Where the returns show up… and the gaps that remain

Beyond admin, AI has made its way into finance, accounting, creative direction, and big-buck decisions. For Khattab, it has transformed ReQaf’s marketing output — feeding the tools a brief and getting a full campaign script back. “You just need to feed them the correct prompts. They understand what your business is like. You just tell the bot, ‘I have a campaign for a new origin,’ give them a quick brief, and the script is ready.”

Harouny’s visually driven business runs on Google’s Gemini for creative ideation, which he uses to generate visuals and bounce ideas off Gemini through conversational prompting. “It’s like an incredibly intelligent, friendly buddy. If I need some kind of visual aid, I just go in, work on my prompt, and I think I’ve gotten pretty good at it — nine out of ten times, it just nails it.”

The tools Egypt’s founders reach for most — Claude, Gemini, ChatGPT, DeepSeek, and Nano Banana — are genuinely useful, but not yet fully accessible to everyone. Harouny is candid about the ceiling. “It’s still not completely accessible to the average user. You still have to have a somewhat technical background to fully utilize the tool. But that gap is slowly being bridged daily.”

Harouny has taken a course through Anthropic to get deeper into Claude, with an eye toward eventually setting up his own agents. “Ideally, I would love to be one of those people who can set up their own agents, but every time I start down that path, I realize very quickly that it's just not there yet. I’m waiting for it to be a bit more accessible.” Harouny suspects he's barely scratching the surface and keeps pushing his team to find better ways to use the tools available.

El Hefny has gone further, spending the past year and a half on prompt engineering. “I delved a little into prompt engineering almost a year and a half ago. I wouldn’t say I’m an expert, but I have relative confidence and competence in how to prompt properly to get better results,” El Hefny says. For Khattab, the answer is institutional: AI training is built into onboarding at ReQaf, ensuring the whole team moves forward together.

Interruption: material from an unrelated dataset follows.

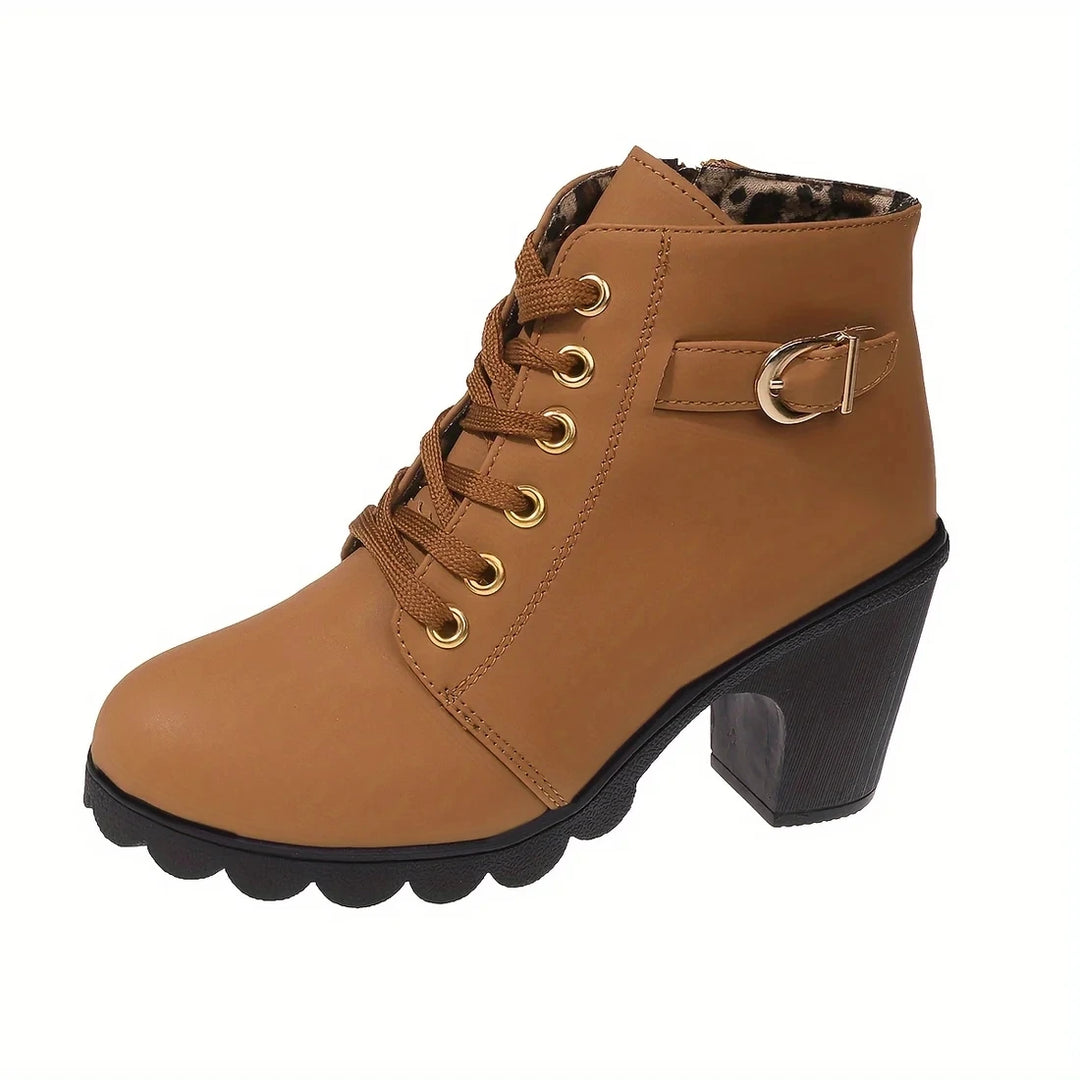 Back view of black chunky heel ankle boots with zipper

Constant learning has become a priority — not just a nice-to-have.

Egypt’s entrepreneurs aren’t waiting for AI to mature before putting it to work — they’re learning alongside it, integrating it into hiring decisions, creative direction, and big-buck business moves in real time. The tools aren’t perfect, and there’s still a learning curve. But for the founders who’ve leaned in, the returns are already showing up where they count.